Se daban demasiadas circunstancias para no sospechar de
él e Israel no desperdició una sola: no solo era el presidente del Consejo
Judío del campo de concentración cuando los nazis decidieron, con fines
propagandísticos, disfrazarlo de parque temático del judaísmo en tiempos de
guerra, no solo no se opuso sino que colaboró explícitamente, no solo gozaba
del raro privilegio de tratar con eichmann con cierta familiaridad, además
cometió el más sospechoso de los crímenes: sobrevivió. Ningún otro presidente
de un Consejo Judío salió vivo de los campos. Vivió en Roma el resto de sus
días, imposibilitado de volver a Israel, de donde fue reclamado para poder
juzgarle. Ya había sido absuelto de los cargos en varios juicios.

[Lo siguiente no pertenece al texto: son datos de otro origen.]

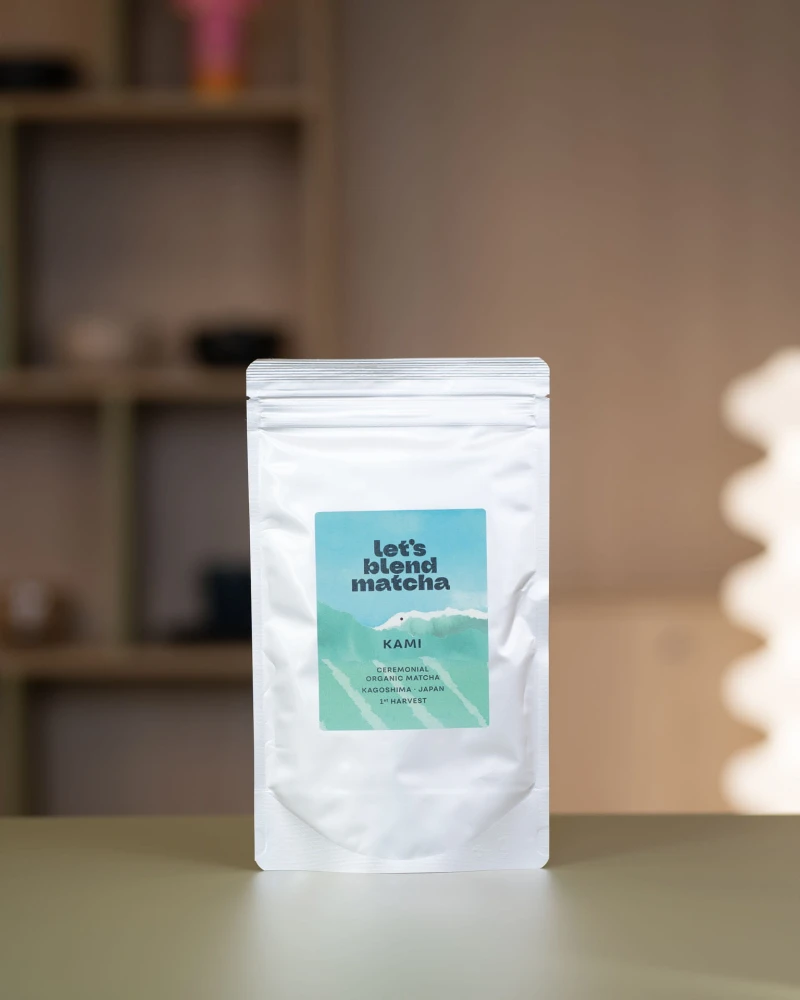 Matcha Kami w opakowaniu doypack 200 g – 100 porcji
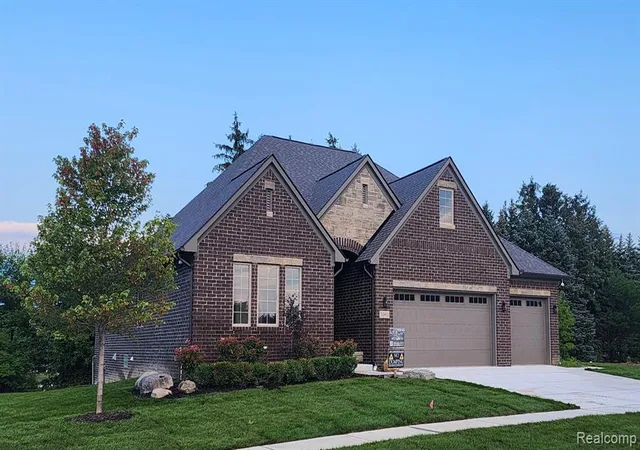 1st image of 3093 Raffler Dr, Rochester, MI 48307 | MLS# 61006719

Si Murmelstein entendió la oferta de Lanzmann como la
última de sus posibilidades de explicarse en detalle, no podía ser por el
prestigio de hacerlo para el hombre que daría al mundo Shoah, pues ésta
llegaría a los cines diez años de que la entrevista fuera grabada, en 1975.
Lanzmann tardó cuarenta años en decidir emplear la entrevista a Murmelstein. Si
duele saber que el suyo fue el primer testimonio que Lanzmann grabara para lo
que después sería Shoah, duele más saber que éste no viviría para ver a Rossel
defenderse de lo que él se había defendido veinte años antes y con solvencia
infinitamente mayor. No me hagas parecer tonto –confiesa Lanzmann le pidió
Rossel antes de afrontar su propia entrevista. Si Lanzmann cumplió su palabra
en 1997, con Rossel muerto no había razón para no exhumar una verdad menos
injusta, acaso, dada la edad de Lanzmann, la última también para él.

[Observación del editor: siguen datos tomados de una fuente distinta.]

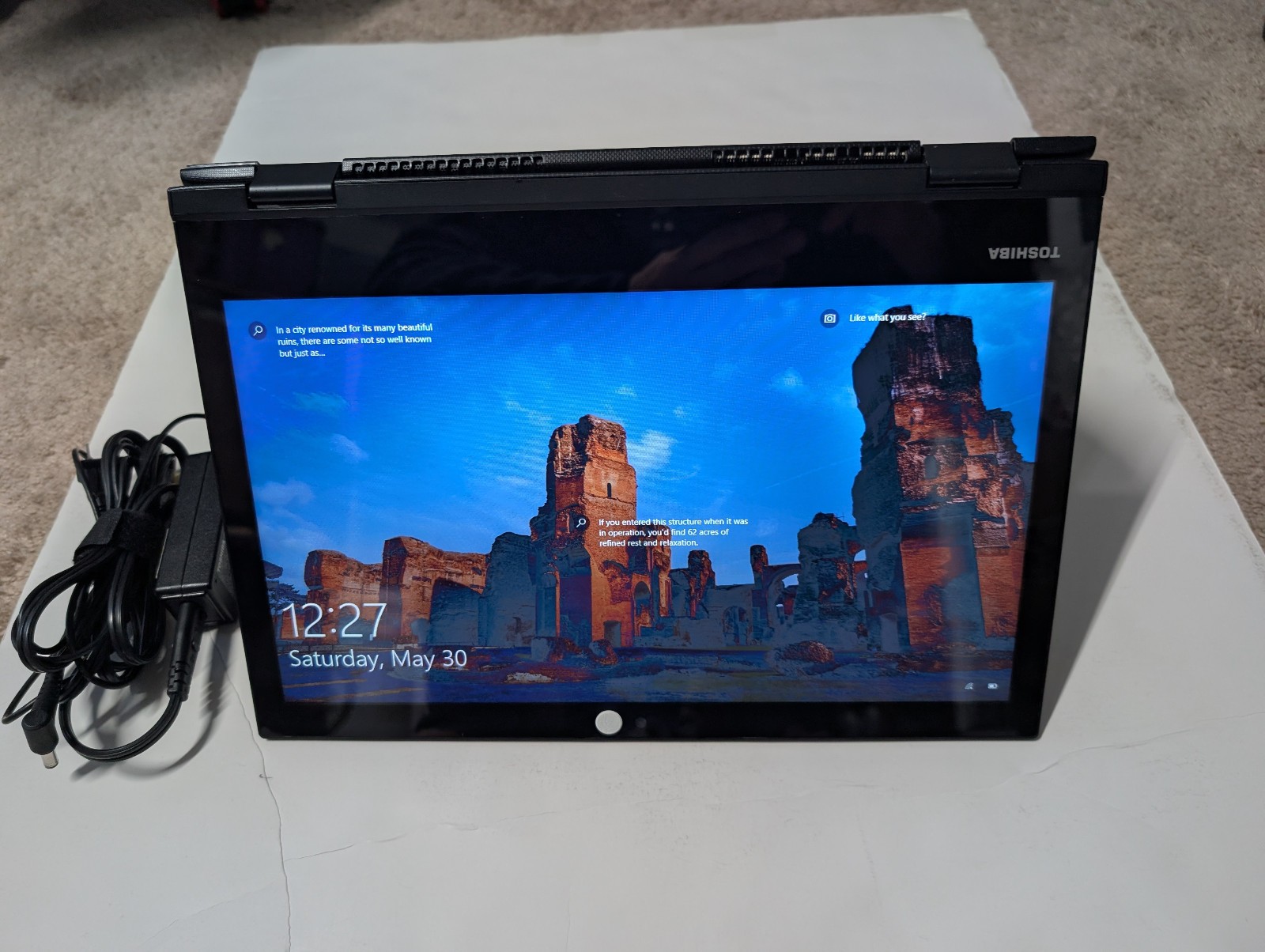 Toshiba Satellite E45W Touchscreen Laptop Intel i3-5015u 8GB RAM 250GB HDD Win10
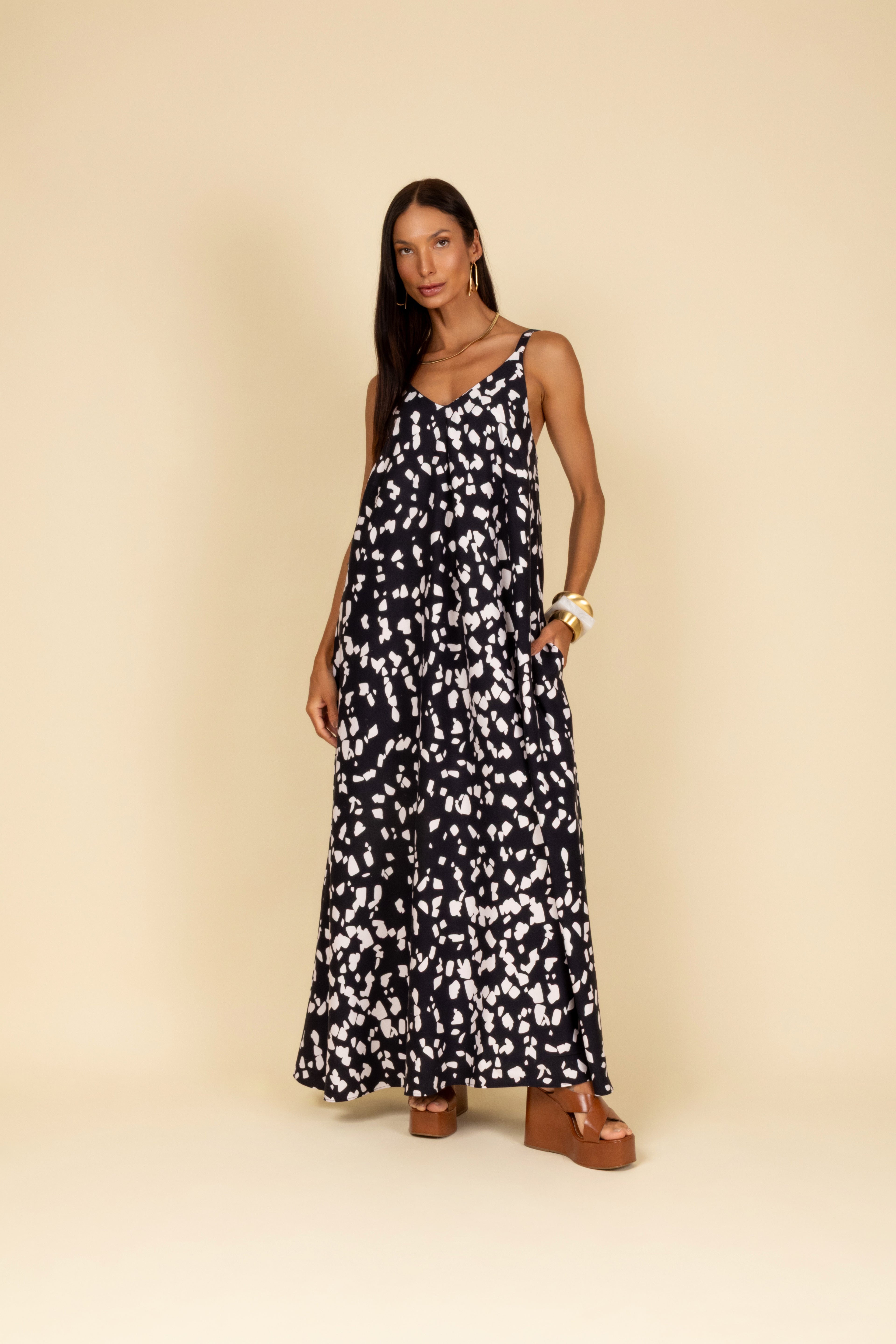 Vestido longo com estampa abstrata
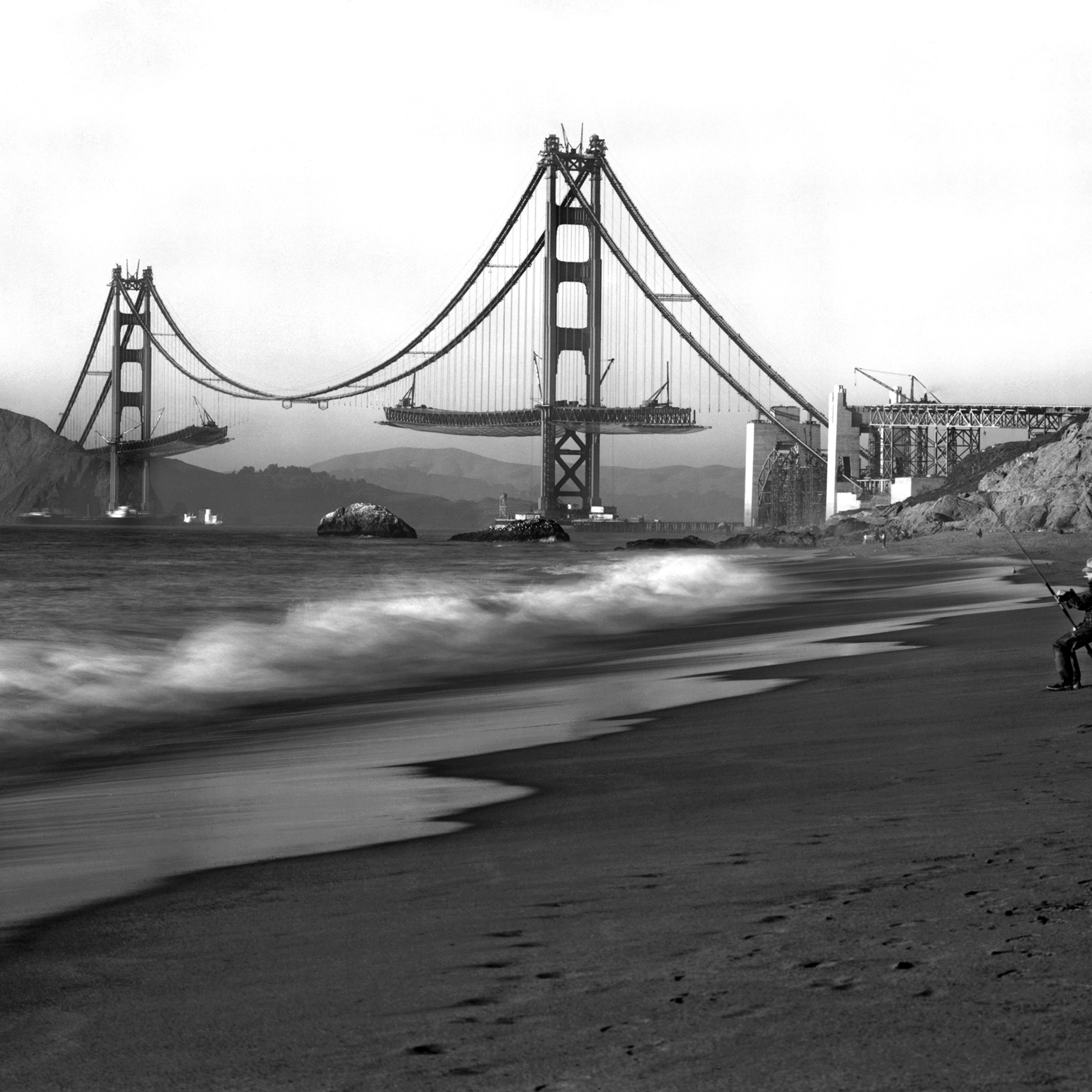 Construction of the Golden Gate bridge in the 1930s.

Cita Murmelstein a Orfeo y Eurídice y quizá solo en ese
instante su único lazo con Rossel se hace evidente: pues cómo explicar, vengas
del infierno acusado de credulidad o de traición, que regresas solo no por tu
culpa, sino por circunstancias imposibles de creer si no se ven. Durante 8
horas del 13 de junio de 1944, Rossel paseó por el campo de concentración de Theresienstadt sin apreciar un solo
indicio de que aquello era un campo de exterminio. Camuflado por los nazis
hasta venderlo como un campo especial, que contenía, civilizadamente
instalados, a judíos más soportables, Rossel dijo no haber sentido que aquello
fuera sino un balneario del que no se podía salir.
Murmelstein debió saludar a Rossel y al mismo tiempo,
importarle nada. Sus prioridades eran de orden práctico: si los nazis ofrecían
colocar cristales en las ventanas para sugerir una vida acomodada en su
interior, si ofrecían proporcionar madera para somieres, mesas, sillas,
entonces los perjuicios de la ficción para quienes vivían prisioneros de ella
no podían, de ninguna forma, igualar los beneficios que disponer de cristal y
madera suponían en medio de un sistema abiertamente diseñado para privarles de
todo. Si era teatro, su público más cercano necesitaba ventanas y camas mucho
más, y sobre todo mucho antes, de lo que la verdad podría haber hecho por ellos
de haber podido negarse a la farsa.
Los que actuaban eran también el público. Que se
engañaran a sí mismos antes y después era inevitable: hacinados a merced de los
piojos, el hambre y el frío, pocos judíos de Theresienstadt debieron discutir la colaboración de Murmelstein
en la farsa. Mientras recorría el campo, Rossel recorrió también el camino
inverso en lo que a su papel se refiere: llevado allí en su condición de
público de una ficción, su credulidad le convirtió en actor, uno que no logró
pensar que su papel, en ese
lugar, en ese tiempo, debió ser el opuesto –sospechar, desconfiar. Rossel
–porte de aristócrata sin un ápice de dolor o arrepentimiento en el gesto
durante toda la entrevista en 1979- transmite una contrición hecho de la misma
consistencia que el decorado que le engañara.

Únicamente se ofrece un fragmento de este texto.